● **DATA EXCERPTS**:
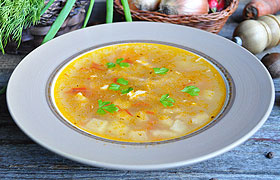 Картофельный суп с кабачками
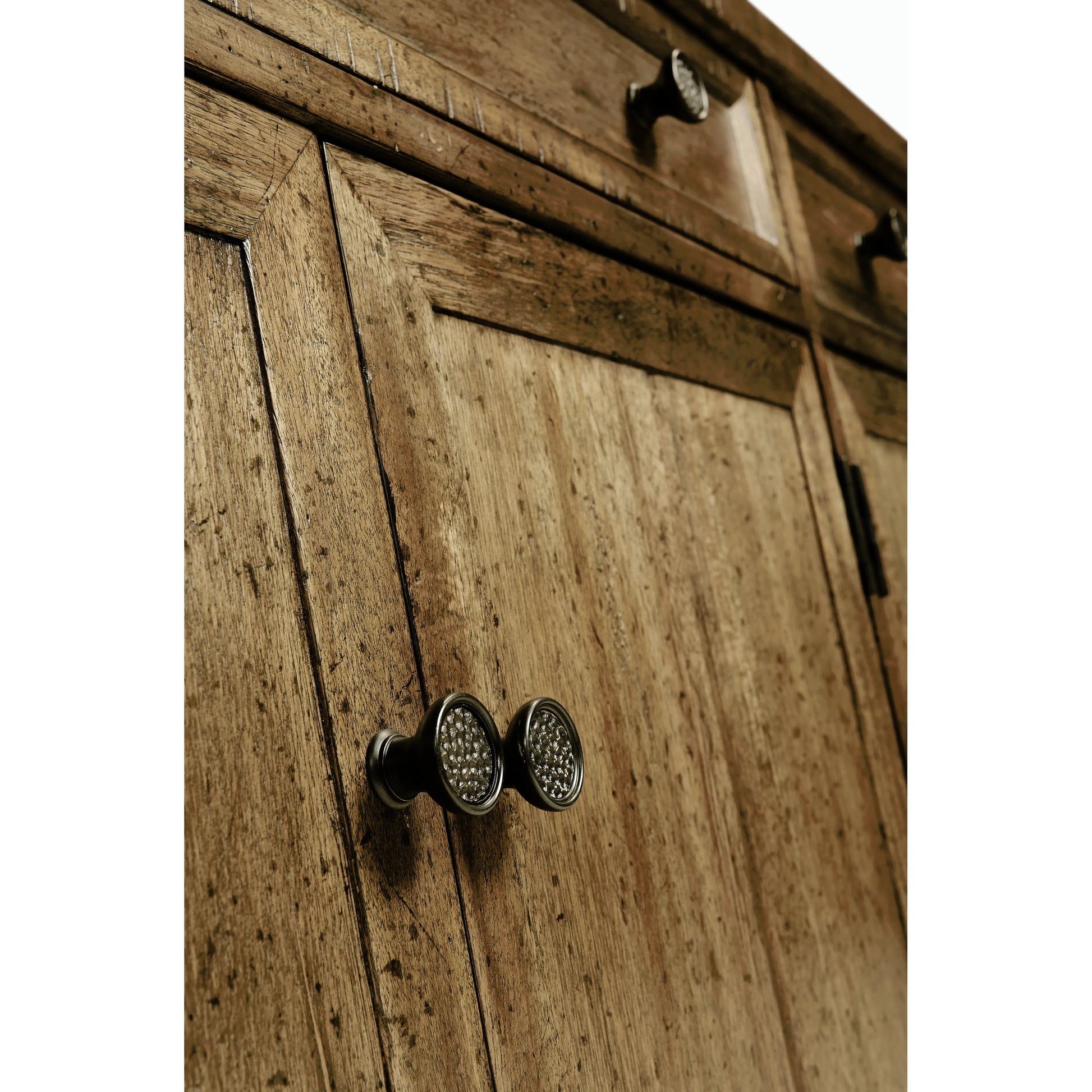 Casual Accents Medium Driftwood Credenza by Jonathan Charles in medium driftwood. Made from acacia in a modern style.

--

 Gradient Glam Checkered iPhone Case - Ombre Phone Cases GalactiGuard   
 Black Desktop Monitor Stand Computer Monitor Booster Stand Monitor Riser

● **ASSIGNMENT**: Excerpt from the records above: set down only the lines from the one that contains "Картофельный суп с кабачками" through the one that contains "Casual Accents Medium", inclusive, word for word. Pictures stay out.

● **ANSWER SPACE**:
 Картофельный суп с кабачками
 Casual Accents Medium Driftwood Credenza by Jonathan Charles in medium driftwood. Made from acacia in a modern style.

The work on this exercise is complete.